Hand Hygiene and Bare-Hand Contact

  1. Watch the 20-second handwash at the hand sink
    • Hot water (100°F minimum), soap, 20-second scrub including under nails and between fingers, paper towel dry. Watch the first wash of the shift in person — most violations come from a 5-second rinse-and-go at the prep sink instead of the dedicated hand sink.

  2. Stock gloves and tongs at each station
    • Pull a fresh box of nitrile gloves in the right size for the cook on each station. Confirm tongs, deli paper, and single-use scoops are within arm's reach so there is no excuse for bare-hand contact with ready-to-eat food.

  3. Confirm the no-bare-hand-contact rule for ready-to-eat foods
    • Code 3-301.11(B): no bare-hand contact with ready-to-eat foods. Salads, garnishes, sandwich builds, plated proteins after the cook step, bread service. Gloves changed between tasks and after every break, every cough, every phone touch.

6

Personal Cleanliness and PPE

  1. Inspect hair restraint and clean apron
    • Hair tied back, hat or hairnet on, beard guard for facial hair longer than stubble. Apron clean at start of shift; soiled aprons swapped at the dish pit, not worn over to the line.

  2. Check jewelry and fingernail policy compliance
    • Code 2-303.11: no jewelry on hands or arms except a plain band.

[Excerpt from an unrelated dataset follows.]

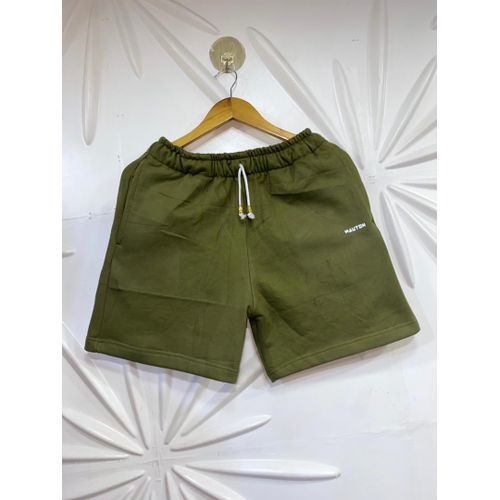 Unisex MA Signature playshort - Dark Green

No false nails, no chipped polish, nails trimmed. Watches off — they trap moisture and skin cells under the band.

  3. Cover hand cuts with a finger cot
    • Waterproof bandage first, then a single-use finger cot or glove over the bandage. Stock blue metal-detectable bandages so a lost bandage in the line shows up before it reaches a guest's plate.

7

Station Readiness Verification

  1. Test the sanitizer bucket concentration with a test strip
    • Quat sanitizer: 200-400 ppm. Chlorine: 50-100 ppm. Iodine: 12.5-25 ppm. Test every bucket at every station with a fresh strip; mixed-too-weak is the most common BOH violation, and water from a hot dish pit dilutes overnight buckets fast.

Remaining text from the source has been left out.